Cnán hadn’t imagined there was anything drearier than riding across the steppe in the fall, but there was: that same trip during the desolate heart of winter. They were rested and provisioned, their horses were in excellent shape (and they had spares), and the weather was relatively mild for winter on the high plains. Their situation was much improved over the mountain crossing at the beginning of winter, but this comparison didn’t alleviate the boredom of the endless days of riding.

And it had been only three days since they had left the rock.

They had come across the sign of a recent Mongol encampment on the afternoon of the second day, and Raphael had immediately turned the company north, forcing them to ride well past moonrise before he allowed to make camp. There had been no fire that night, and everyone had loudly complained about being stiff and sore from a night on the cold ground. But the sun had come out mid-morning and followed them all afternoon, and by the time it came down from its high arc and slipped behind the western horizon, Cnán was sorry to see it go. It was almost like one of their company were leaving them.

They set up a camp in a tight formation, and Yasper put her and Lian in charge of collecting rocks for the fire pit. He had a collection of dried patties made from a combination of horse shit and grass and twigs that stood in for firewood and he started the fire with a pinch of powders from his alchemical stash and a piece from one of his phoenix eggs. The fire started with a whoosh of blue and green flame, and on the first night both Bruno and Haakon had drawn their swords when the colored flames leapt up from the temporary fire pits. The others teased them for several hours, but Cnán could tell that the idle ribbing masked their own apprehension at Yasper’s strange powders.

The alchemist hadn’t been as talkative since they had left the rock, and she didn’t go out of her way to seek his company. Instead, she fell back on old habits and spent most of her time trying to get behind Percival’s stoic shield.

He had given his gray Arabian a name. Morgana. Was it the name of an old lover? she had asked. A family member? A fairy princess from some story of his childhood?

No, Percival had replied to all of her questions.

“He spends a lot of time with that horse,” she noted to Lian as the two of them huddled by the fire pit. Yasper’s alchemical logs burned with more heat than flame, which was good after the initial burst of wild fire, but the alchemist did not have a large supply. They burned one each night, and Cnán found herself and Lian sitting by the fire as long as possible each night before dashing for their tent in a valiant attempt to bring some of the last warmth inside the canvas shelter with them.

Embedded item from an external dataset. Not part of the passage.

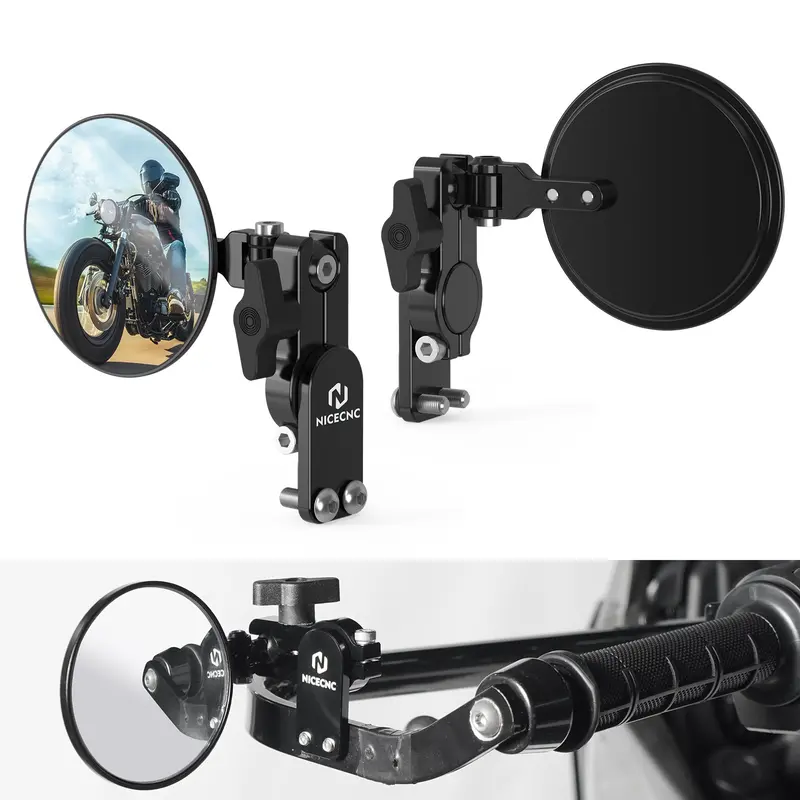 Adjustable Round Convex Quick Flip Rearview Mirrors Kit For Motorcycle Hand Guard 1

“He does,” Lian noted, watching Percival’s shadowy shape move among the nearby horses. “Have you seen how he rides her in battle? It is almost as if he and she were one.”

Cnán remembered Tonnerre, the trained warhorse that Percival had started their journey with. Morgana was a dutiful steed, but she had none of the training that Percival’s destrier had had. Comparing the two was like watching a baby chick try to walk and a grown hawk soaring in the sky.

Lian had one hand tucked inside her robe, and Cnán knew what the Chinese woman was clutching. She had seen the tiny lacquer box a few times when Lian thought she had been sleeping. She had no idea what was inside the box but knew it was the single most important thing in the world to Lian.

“What’s his name?” she asked suddenly.

“What?” Lian asked, her attention coming away from Percival and the horses. Her hand withdrew and she idly smoothed the front of her robe.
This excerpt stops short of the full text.